◆ **PROBLEM TO SOLVE**
Write out the records below from the first line through the line containing "La Quinta Inn By Wyndham Reno Ruang foto", leaving out any pictures.

◆ **STORED DATA**

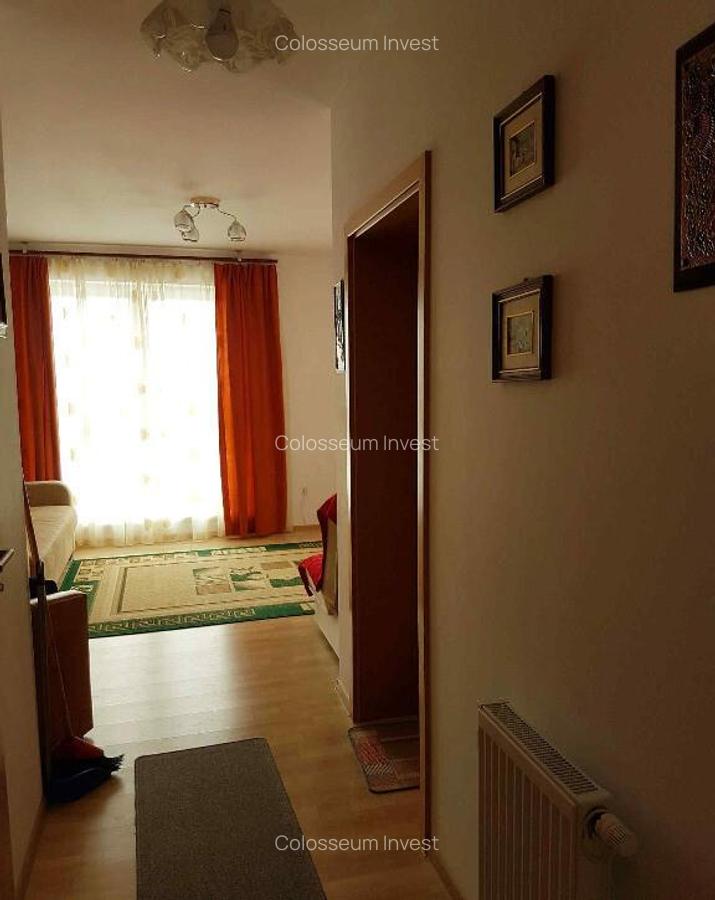 Apartament 2 camere, decomandat - zona Tractorul - 5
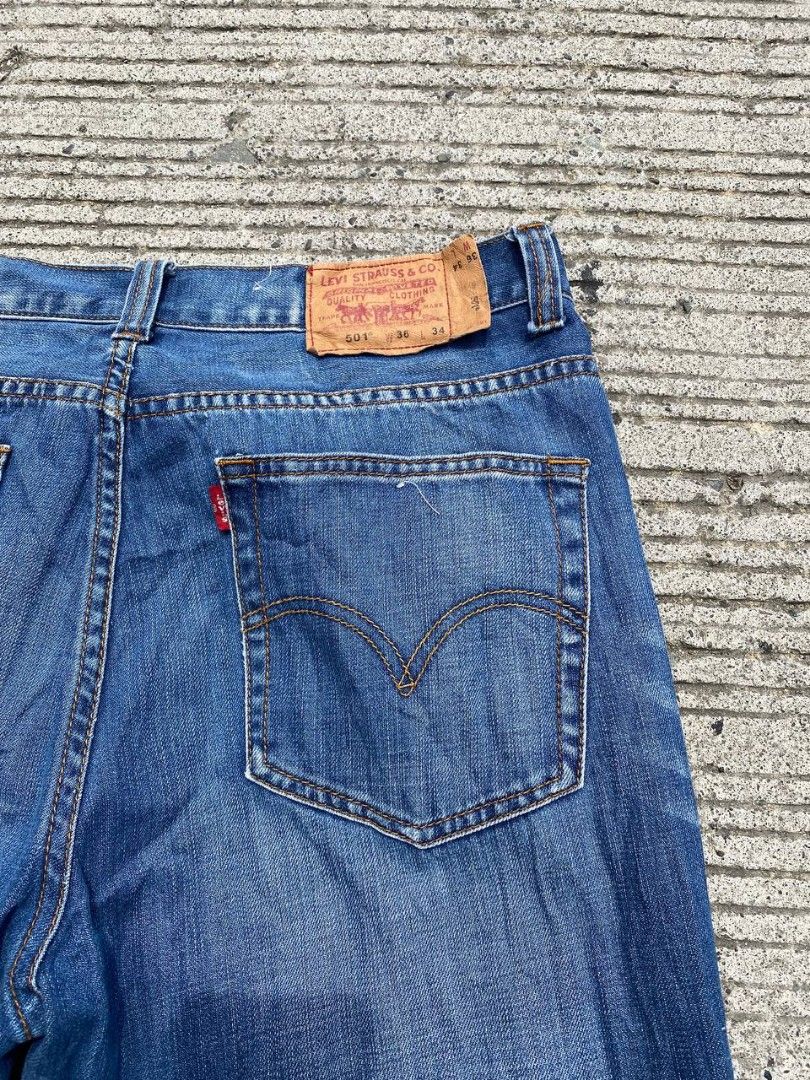 Levi's 501 (Category: Jeans) located in Alburquerque. Submitted by nixthrift (Listing ID 1461492578, Image 3). Description: Waist 36 Length 44 Hem 9.5 Good Condition‼️.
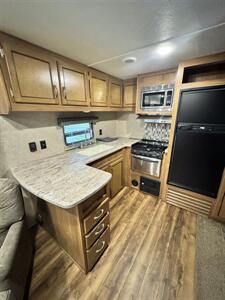 2018 Coachmen Catalina   - Photo 12 - Honesdale, PA 18431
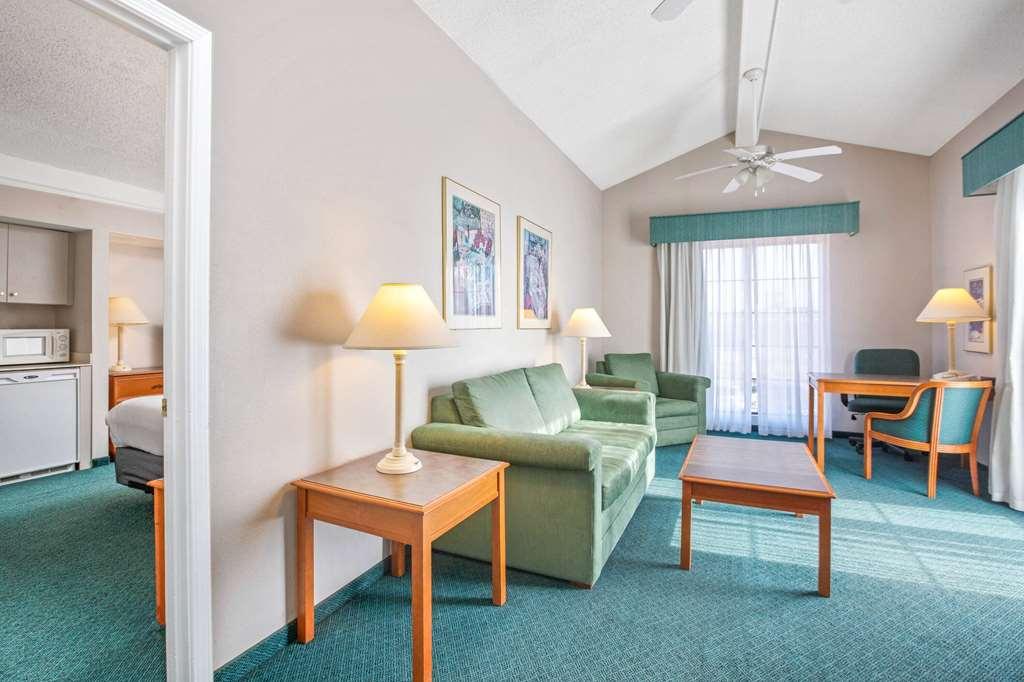 La Quinta Inn By Wyndham Reno Ruang foto
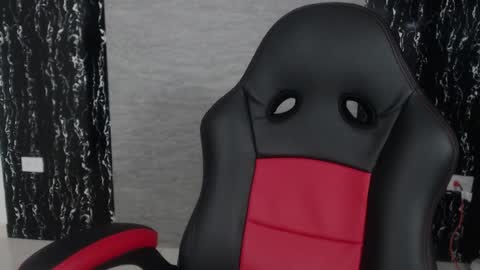 Snapshot of evemilk chatting on March 1, 2025, 9:26 pm evelin 3 online show from March 1, 2025, 9:26 pm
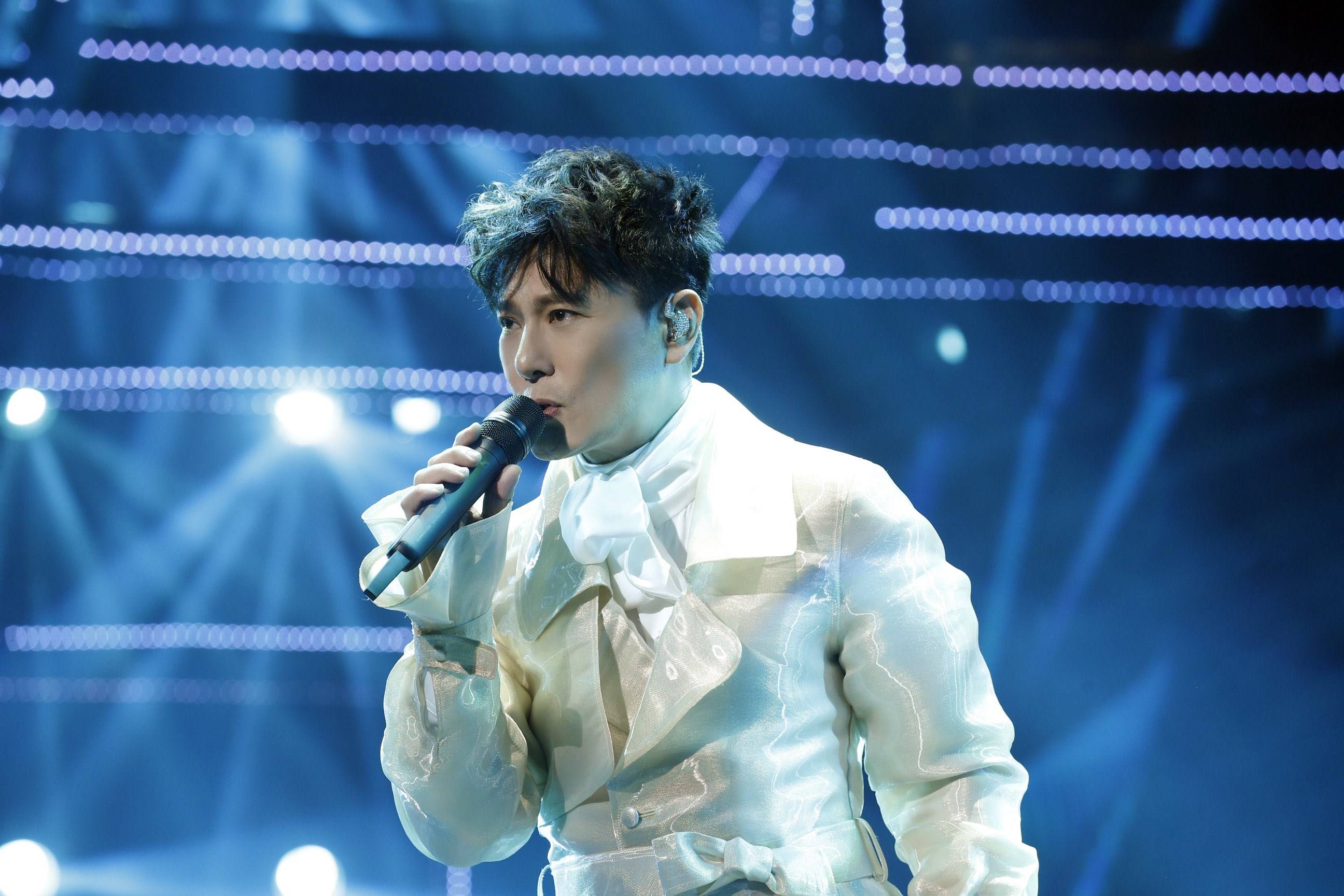 2023张信哲郑州演唱会_音乐之声_观众们_魅力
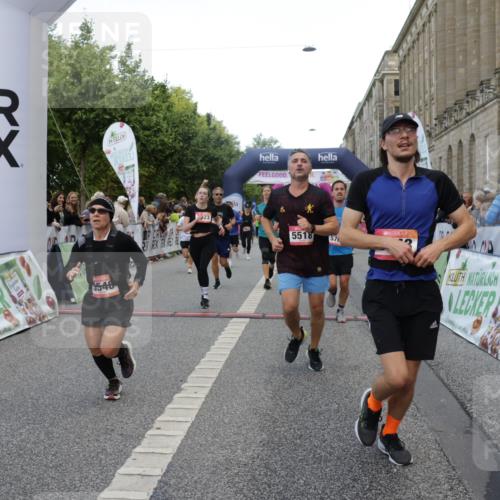06.09.2026 - CURREX Alsterlauf Yannick Fuchs http://msf.ph/oto/10195437 06.09.2026 09:58:07 Ziel 2875, 3075, 3307, 3369, 3394, 3497, 3553, 3580, 3743, 3744, 3841, 3872, 3923, 4034, 4327, 4864, 5470, 5518, 5548, 5707, 6153, 6227, 6343, 8066, 8152, 8163, 8229, 8311 meine-sportfotos.de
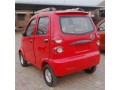 供應(yīng)方便出行的小型電動四輪車，安全最具有保障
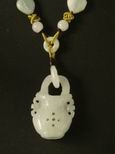 Collier jade vase de tr&eacute;sor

◆ **TASK RESULT**
 Apartament 2 camere, decomandat - zona Tractorul - 5
 Levi's 501 (Category: Jeans) located in Alburquerque. Submitted by nixthrift (Listing ID 1461492578, Image 3). Description: Waist 36 Length 44 Hem 9.5 Good Condition‼️.
 2018 Coachmen Catalina   - Photo 12 - Honesdale, PA 18431
 La Quinta Inn By Wyndham Reno Ruang foto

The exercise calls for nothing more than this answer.